__Exercise goal__:
The answer must be the full listing, word for word, with no pictures in it.

__Recorded data__:
▼

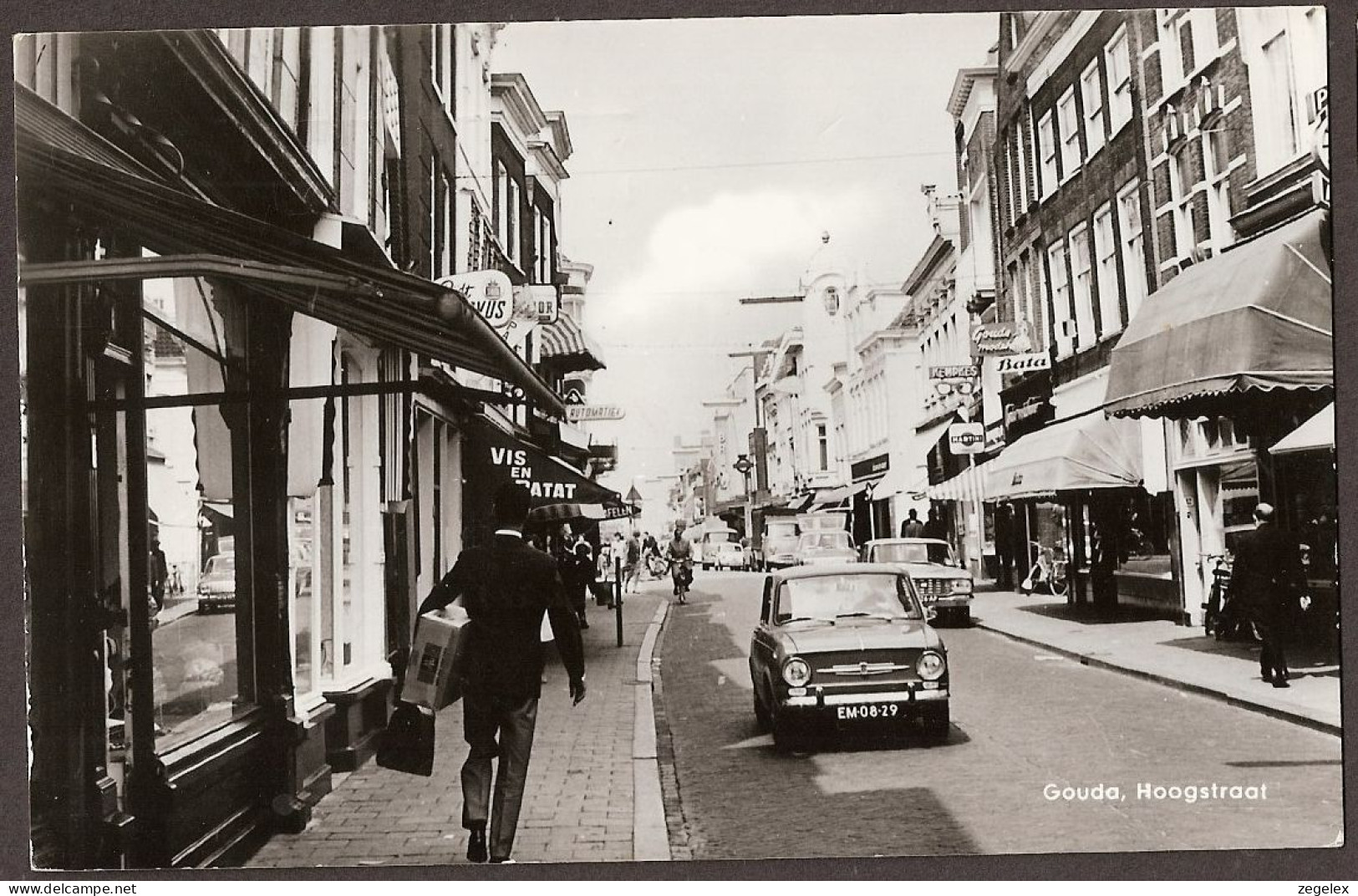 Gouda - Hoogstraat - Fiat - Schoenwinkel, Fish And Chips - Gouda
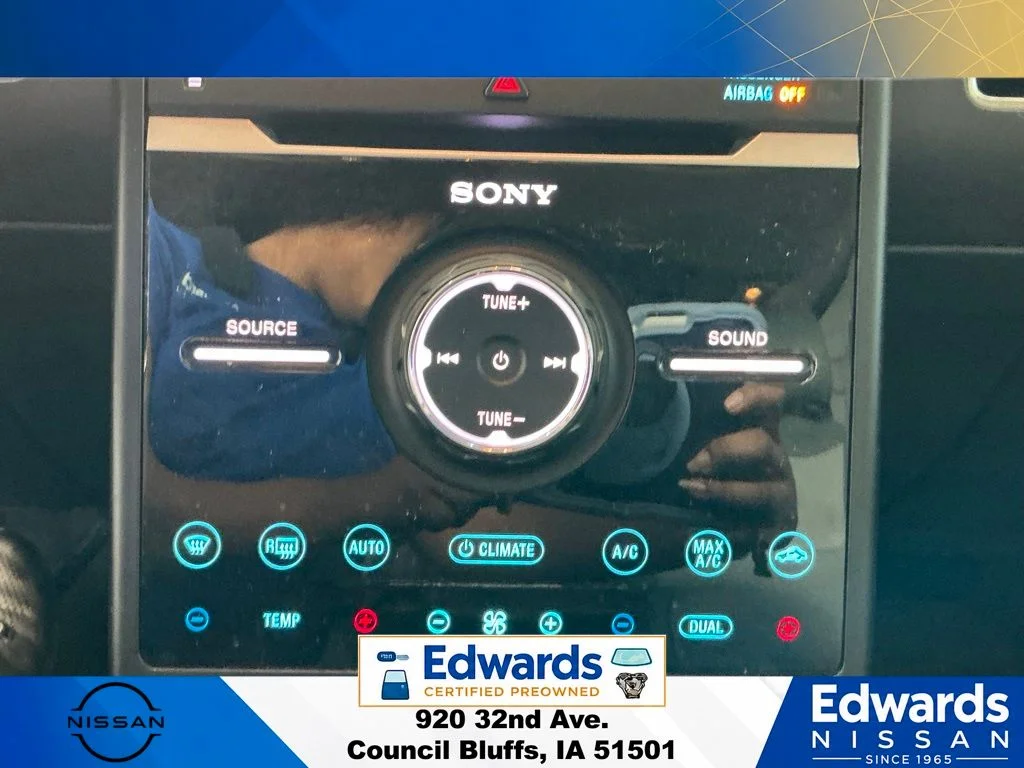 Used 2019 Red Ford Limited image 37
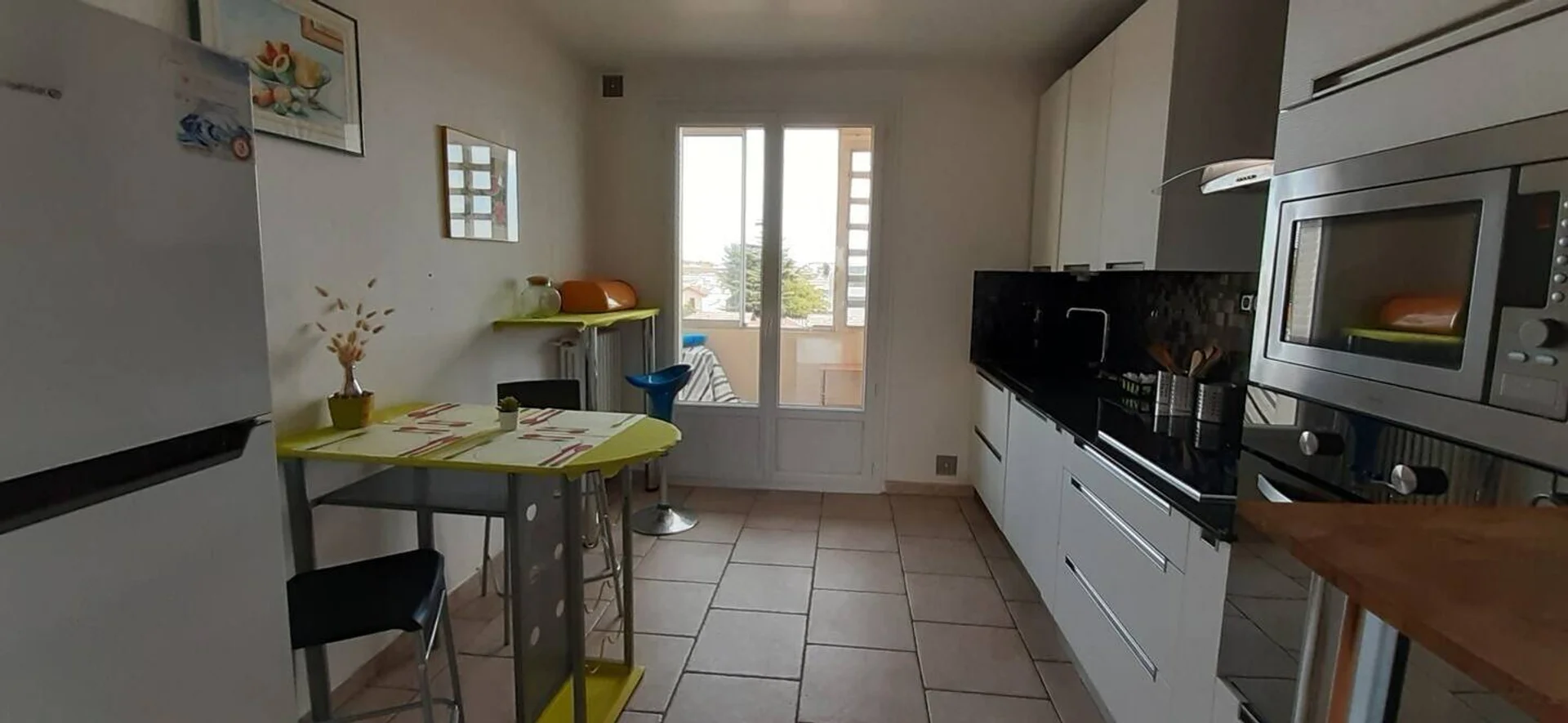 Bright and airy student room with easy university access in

▲

__Response to the exercise__:
 Gouda - Hoogstraat - Fiat - Schoenwinkel, Fish And Chips - Gouda
 Used 2019 Red Ford Limited image 37
 Bright and airy student room with easy university access in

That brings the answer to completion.